Proceeds will be used to refinance securities issued via two transactions in 2011.

NHHELCO will be the master servicer, Granite State Management & Resources is the subservicer, and Nelnet Servicing is the back-up servicer.

RBC Capital Markets is the initial purchaser.

EDvestinU Private Education Loan Issue No. 1 will issue three tranches of variable rate notes with preliminary ratings from Moody’s: $118.5 million of ‘Aa2’ rated class A notes with a final maturity of November 2035; $14.3 million of ‘A3’ rated class B notes due in April 2037; and $8.5 million of ‘Baa2’ rated class C notes due December 2038.

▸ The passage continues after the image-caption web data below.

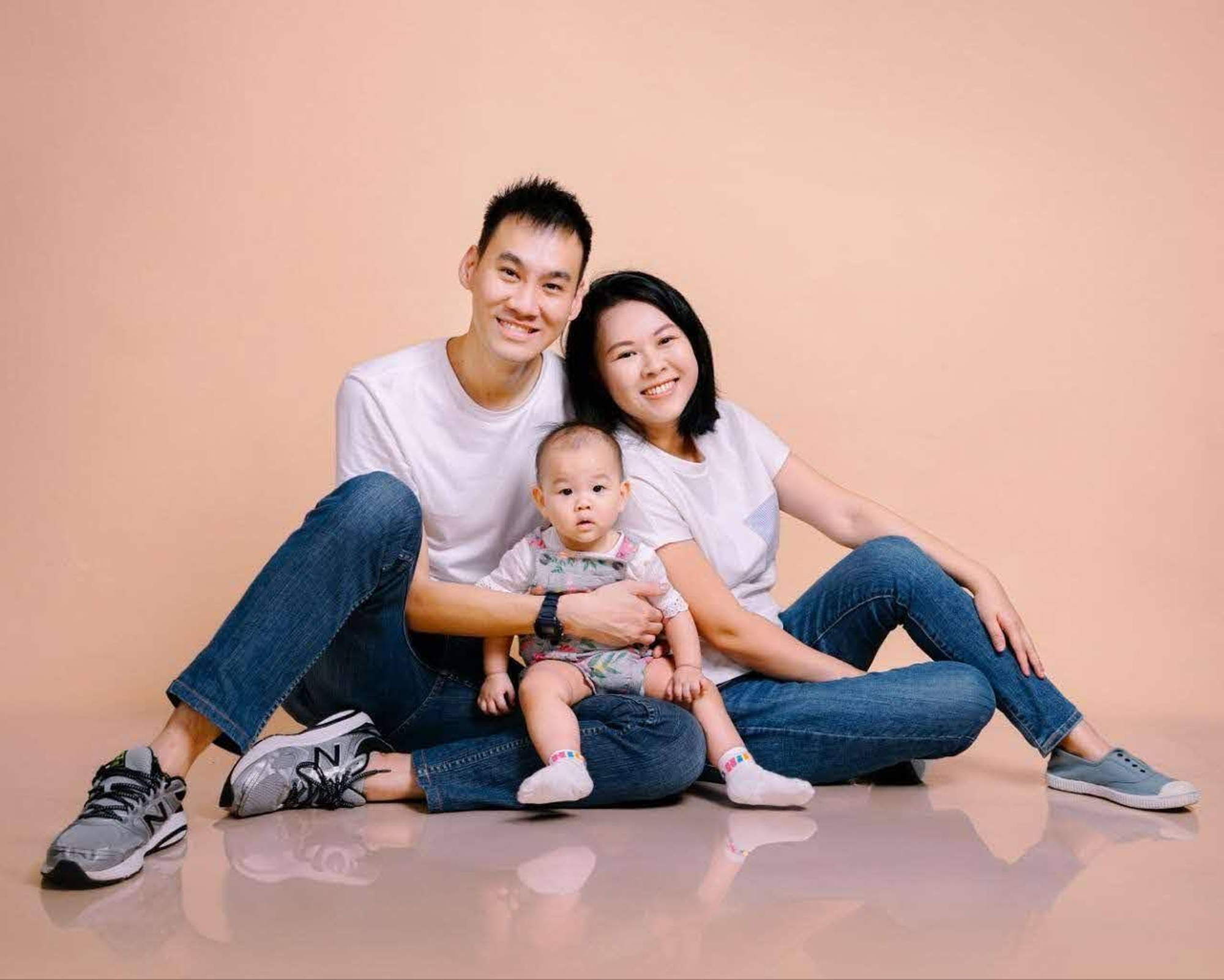 family photo of jason, wife and baby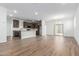 Open-concept living space with wood-look tile floors, a kitchen island, and stylish lighting at 17081 W Seldon Ln, Waddell, AZ 85355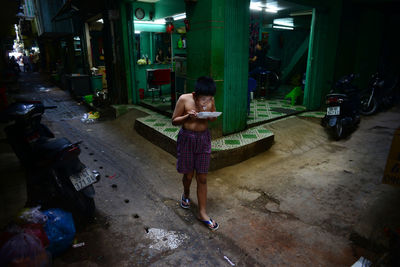 Woman standing on street against illuminated buildings at night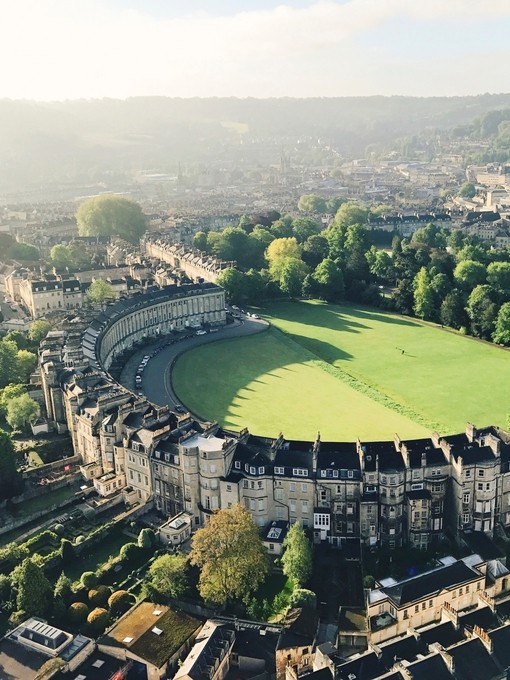 Aerial view of crescent-shaped building surrounded by grass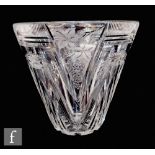 A large 20th Century clear crystal vase, of bucket form, with V cut pattern and grape and vine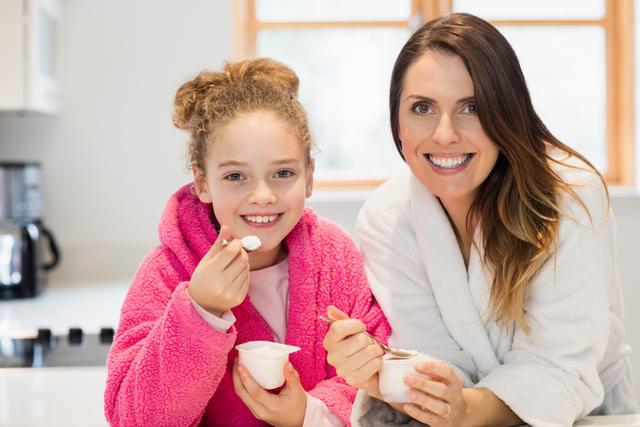 Mother and daughter eating ice cream in kitchen at home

As of Oct. 31, approximately 81% of the loans in the loan pool are in repayment and these borrowers have made 69 payments on a weighted-average basis. NHHELCO originated most of these loans via its TREE (26% of collateral) and LEAF (62%) programs, which have weaker underwriting than its EDvestinU program (12%). For example, the TREE program did not have a minimum FICO score for borrowers. And neither the TREE nor the LEAF Programs had minimum income requirements.

The weighted average borrower interest rate is 4.17%, the weighted average outstanding balance is $13,282, and the weighted average recent FICO score is 739.

Loans originated under both programs have experienced between approximately 10% and 18% gross defaults within the first five years of repayment. According to Moody’s, the early defaults outweigh the impact of amortization.

The EDvestinU program has stronger underwriting criteria, including a minimum FICO score of 750 for loans that are not co-signed, and a minimum adjusted gross income requirement. However it was only launched as a pilot program in 2013 and launched as a formal program in July 2015, so there is little performance history.

To help offset these risks, the new transaction offers several credit enhancements. The senior class A notes have initial credit enhancement of 29.7%, And the deal has a full-turbo structure, which allocates principal to the senior class outstanding until it is paid in full. Class B notes and Class C notes will not receive principal until Class A notes are paid in full. Class C notes will not receive principal until Class B notes are paid in full. Excess funds will only be released at the bottom of the waterfall after the principal balance of the notes is paid in full.